Millicent Gaskell Appointed Villanova University Librarian and Director of Falvey Memorial Library

VILLANOVA, Pa. – Villanova University has announced the appointment of Millicent Gaskell as University Librarian and Director of the Falvey Memorial Library, effective May 29, 2015. This key appointment, the result of an extensive national search, will enable Villanova to build upon Falvey Memorial Library’s impressive legacy as a cornerstone of learning at the University.

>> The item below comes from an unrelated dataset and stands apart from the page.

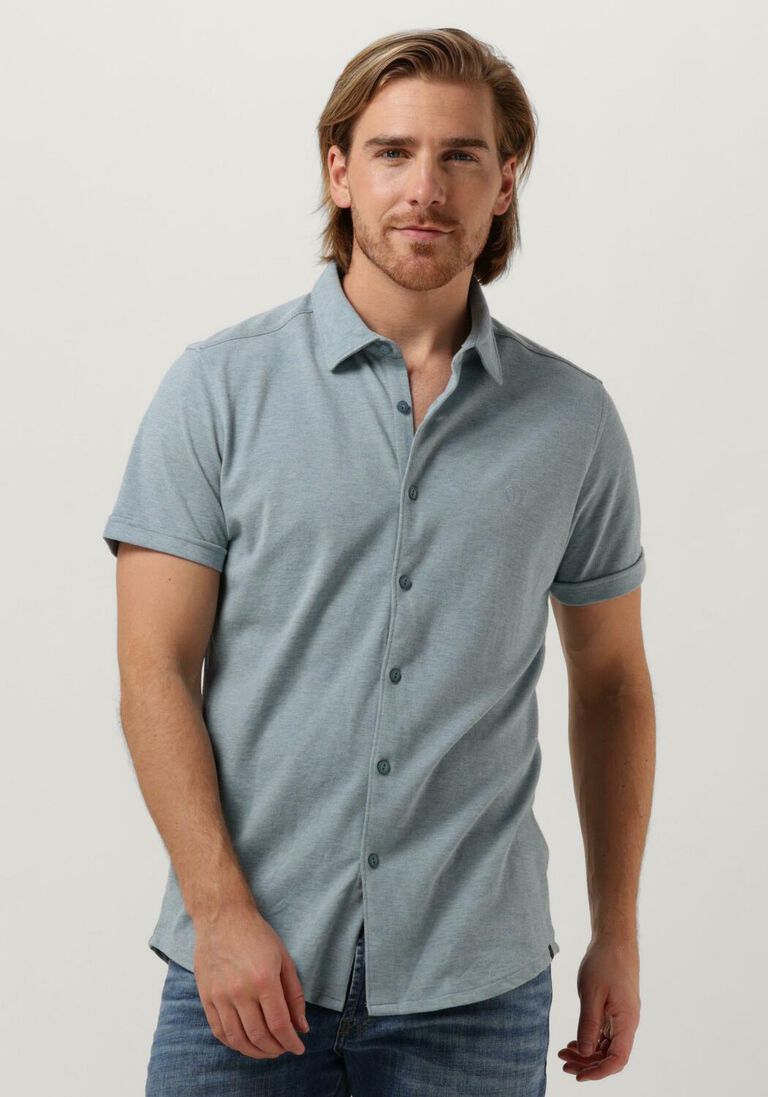 DSTREZZED blauwe dstrezzed casual overhemd shirt melange pique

Millicent GaskellMs. Gaskell comes to Villanova with broad experience in both higher education and the private sector. For the past 10 years, she held a number of leadership roles at the Massachusetts Institute of Technology (MIT). Most recently, Ms. Gaskell served as Department Head of Collections Strategy and Management, with oversight of collection development, analysis, acquisitions and metadata and had responsibility for MIT’s $10M collections budget and a 36-member staff. She was honored twice at MIT for outstanding communication and collaboration, as well as for innovation and creativity.

“We are pleased to welcome Millicent Gaskell to Villanova University and to this important position at Falvey Memorial Library,” said the Rev. Kail C. Ellis, OSA, PhD, Vice President for Academic Affairs. “Ms. Gaskell brings to Villanova a thorough knowledge of current and future technological trends impacting library and information services, as well as extensive experience in implementing digital content management initiatives.”

Falvey Memorial Library plays a central role in ensuring the interdependence of teaching, research and scholarship at Villanova. As University Librarian and Director of Falvey Memorial Library, Ms. Gaskell will oversee a facility that supports research and scholarly activities for faculty and students. Its collections include 1.68 million items with 551,236 stack items, 35,297 electronic journals, and 3,596 print journals.  In addition, its digital library initiative assembles, presents and preserves digital collections that support the teaching and research of the campus and the global community of scholars. Gaskell will oversee a staff of 50 employees at Falvey Memorial Library, including the University Archivist and software development programmers.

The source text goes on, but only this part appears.